Yep, the Cat Police I am. LOL, even though I have had a cat give birth to kittens myself I just get kind of frustrated with so many cats (I have 4 in the house at the moment and just took in a male orange tabby a few months ago.). I completely understand your reasons now though. We have cats that won't hunt. They just want their people and they know we feed them. That will never stop though, I don't want to starve my cats! We had one kitty that sat in the barn and starved himself, literally to where I thought he was going to die. He had food the whole time! Wet food, to be exact! We picked him up and put him in the house to help him and force him to eat. Lo and Behold, he went right to his food bowl and started eating. Ugh. That cat. Anyway, cats do have their personalities and "pet peeves" themselves, and some just want their CAT food and not have to work for anything.

On the other hand, we had a pregnant cat that showed up pregnant. I remember one time she squatted down and got ready to pounce. She had her eyes set on this one "bush" I guess you would call it. Can't think of another word. Anyway, she was set on it. I was sitting there staring at her and BOOM... she pounced. It was like slow motion. Like BOOOOOOOOOOOMMMM....mmmmmm....mmmmmmmmm....mm..m... With all her prego belly fat hanging in the air, she pounced, and a few minutes later showed up with a little mouse in her mouth. Poor mouse. I have actually saved mice and lizards from cats... I am such a softie. Anyway, some cats will do all they can, even if they are 1 1/2 months prego with six kittens!!! 

I understand your reasons though. I can't remember if you said they will or not. I'm sorry if I come around rude or anything! They are your cats and you can do whatever you would like with them!


----------



## TrinityRanch (Mar 26, 2013)

No not rude at all  And I also hate it when the cats eat lizards and birds -_- It's like: Why not eat the 584 mice and 239 gophers at the barn??? We have a 5 year old female who just NOW started hunting. Funny thing is, milking season just started and she's now been getting her daily goats milk!!! Good for the mind


----------



## Trickyroo (Sep 26, 2012)

TrinityRanch said:


> No not rude at all  And I also hate it when the cats eat lizards and birds -_- It's like: Why not eat the 584 mice and 239 gophers at the barn??? We have a 5 year old female who just NOW started hunting. Funny thing is, milking season just started and she's now been getting her daily goats milk!!! Good for the mind


Is that a exact number of critters in the barn TrinityRanch ? :lol::lol::lol:


----------



## TrinityRanch (Mar 26, 2013)

Trickyroo- Wweeeellllllll....... not exactly!! I almost forgot 90 domestic animals, but really wouldn't want the cats eating them- especially not my goats!!! But for the rodents, yes, I counted :slapfloor::ROFL::hammer:


----------



## Trickyroo (Sep 26, 2012)

:slapfloor::slapfloor::slapfloor:


----------



## geonjenn (Oct 3, 2012)

Oh I was teasing about the animal welfare police. I have been accused of appointing myself as such many times. And I have been known to call the police about people leaving their dogs in the car. That infuriates me.


----------



## Dani-1995 (Mar 11, 2011)

geonjenn said:


> Oh I was teasing about the animal welfare police. I have been accused of appointing myself as such many times. And I have been known to call the police about people leaving their dogs in the car. That infuriates me.

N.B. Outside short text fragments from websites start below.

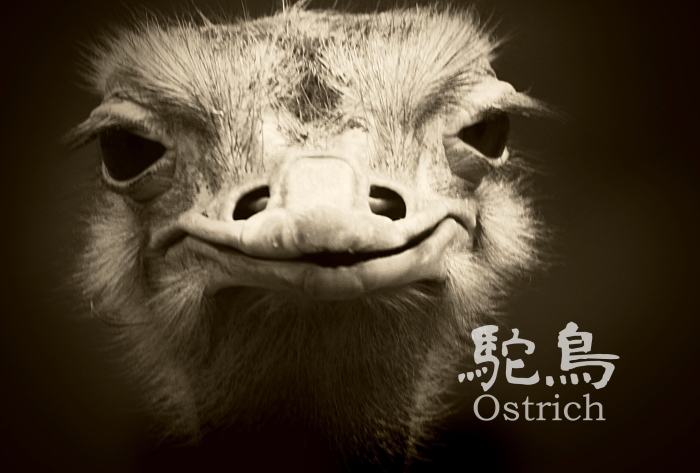 ダチョウ：Ostrich_b0249597_09234270.jpg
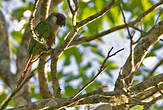 Conure à poitrine grise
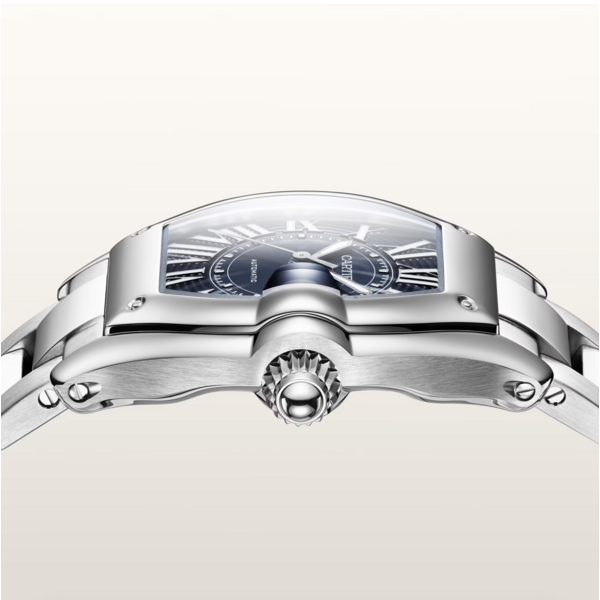 CARTIER Roadster watch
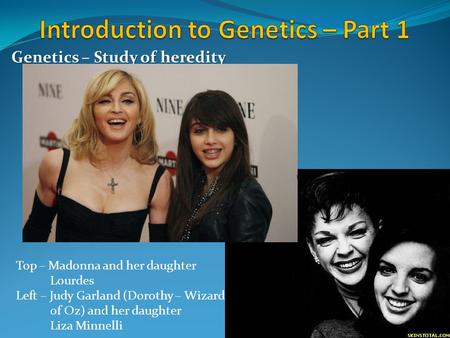 Genetics – Study of heredity Top – Madonna and her daughter Lourdes Left – Judy Garland (Dorothy – Wizard 0f Oz) and her daughter Liza Minnelli.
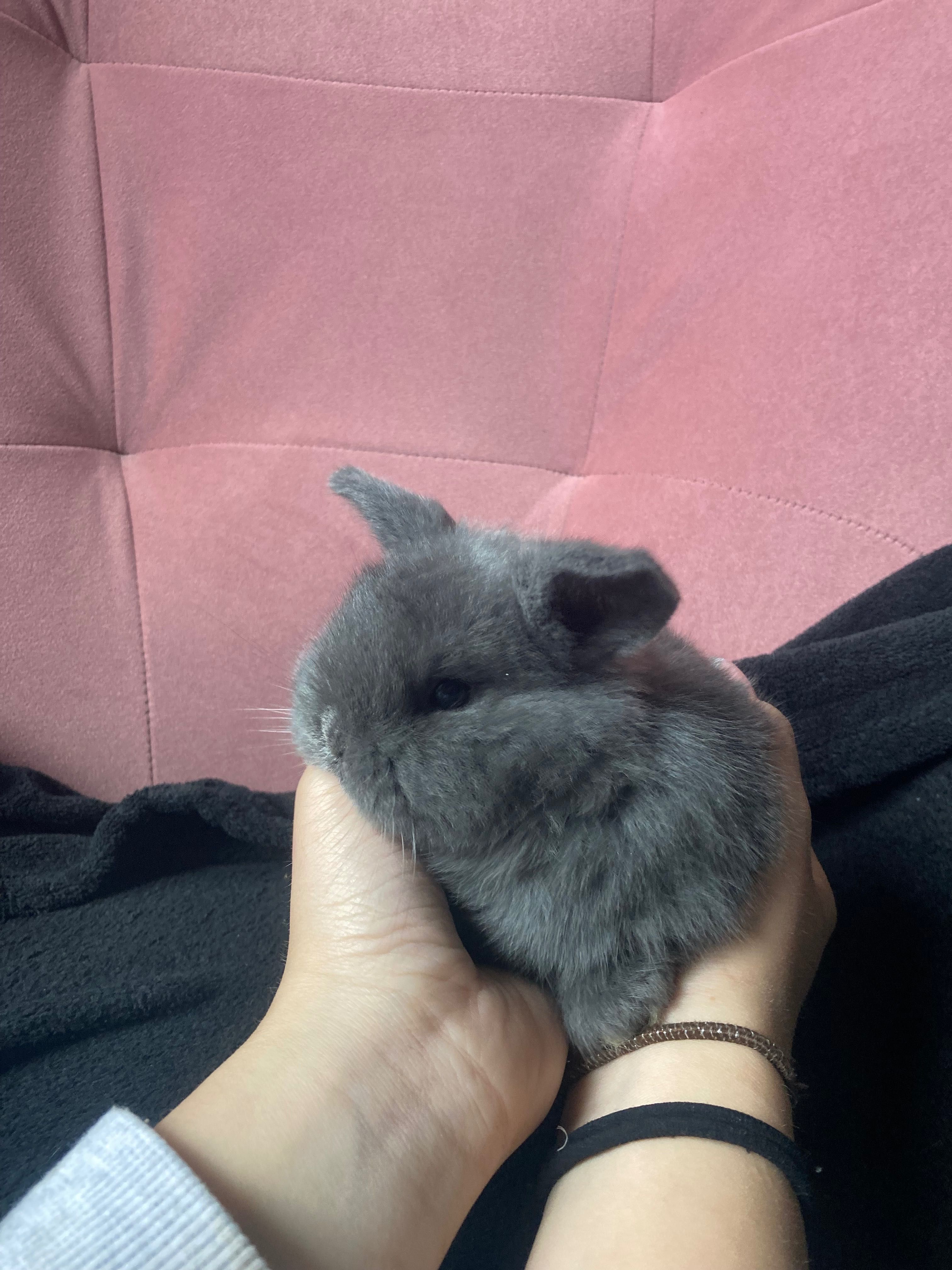 Króliczki Mini Lop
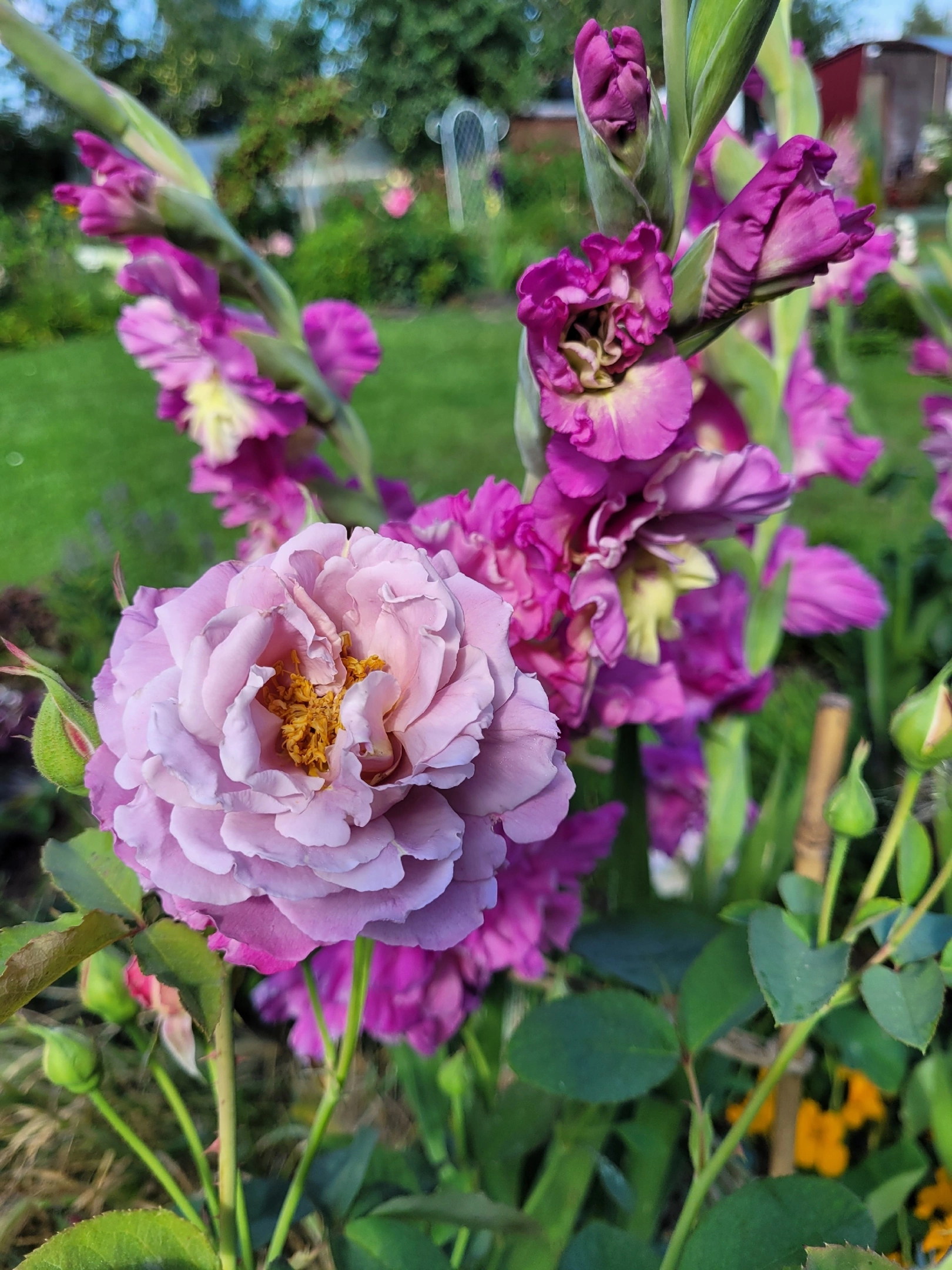 На телеканале «Пятница!» вышла новая серия реалити-шоу «Четыре дачи». Участие в нем приняли жители Золотого кольца России, причем двое из 33-го региона. Оба пусть и не победили, зато заняли призовые места. О том, как проходили съемки и что осталось за кадром, они рассказали «Ключ-Медиа».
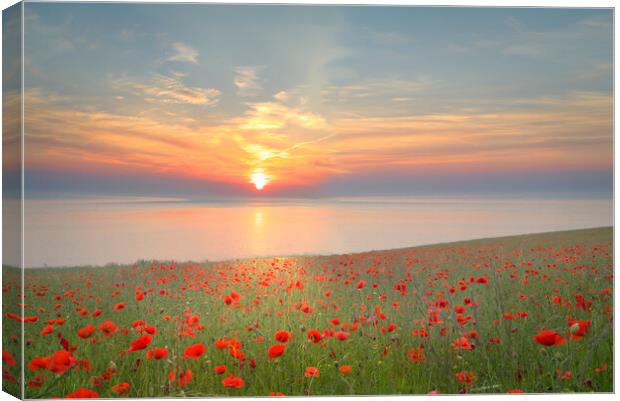 Yorkshire Coast Poppy Field Canvas Print by Alison Chambers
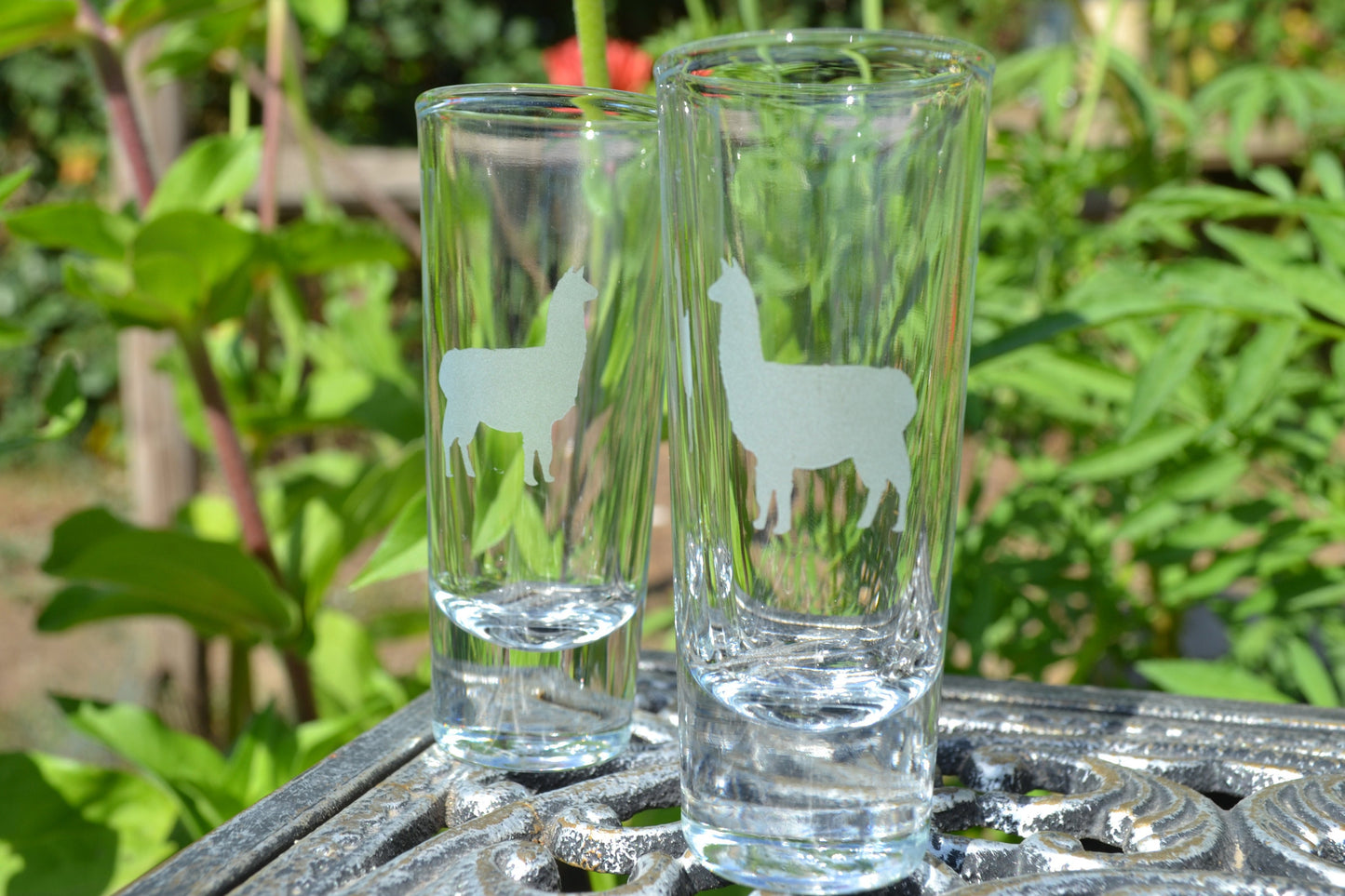 (I) Shot Glasses, Llama Shot Glasses, Glass Set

My grandmother called police on a woman for leaving her dog in the car. It was their for five hours on an 85 degree day, no water but the owner thought it was ok because the windows.were cracked. Turns out it wasn't the first time police has been called about neglect so they took her dog and rehomed


----------



## Trickyroo (Sep 26, 2012)

Wow , that is so sad , people just dont think or just dont care when they do things like that 
I had called the police on a dog locked in a car in a HomeDepot parking lot. I had the manager announce on the loudspeaker in the store about the dog a couple of times , finally as the police drove up , the kid came out of the store with a armful of paint and brushes. 
So happens , I know the kid and his parents ! I laid into that kid like a madwoman ! I told the cops that his mother will skin him alive once she finds out and believe me you she is going to find out !! 
They basically thought they were going to lock me up because I freaked out on the kid , lolol But he was almost twenty years old , old enough to know what he was doing IMO. Poor dog  He was fine , but still !


----------



## Dani-1995 (Mar 11, 2011)

I'm only seventeen and would never leave a dog in a car more than five or ten minutes.... not at all if it was hot weather.my thing is, if you know your going to be.gone a while then why not leave the dog at home?


----------



## Trickyroo (Sep 26, 2012)

Exactly ! From what i found out afterwards talking to his mother was that he picked the dog up at the vet and stopped off at the store.
Definitely a wrong move which couldve cost the dog its life.
I mean , he picked out a couple cans of paint , had to wait for it to be mixed , then bought brushes and stuff . So it wasnt like it was a two minute stop. Yes , leave the dog home if you have to leave him in the car. I take one of my dogs everywhere if no one is going to be home.
I have to check on him even if I have him in my line of sight at all times. I can see if he is panting or acting in distress. Believe me , if I can take him in a store , I do. He has been in plenty of stores , lol.


----------



## KW Farms (Jun 21, 2008)

Aw all these kittens are so cute! We had three siamese/ragdoll mix (2 girls, 1 boy) born not long ago. They're so cute! Love kittens!


----------



## OwnedByTheGoats (Mar 7, 2013)

KW can I come over? LOL! I would love to have a mix like that!


----------



## TrinityRanch (Mar 26, 2013)

Aww thanks Kylee! I adore Siameses and any pointed cats so much  You should post some pictures on here- as you can see, we love kittens!!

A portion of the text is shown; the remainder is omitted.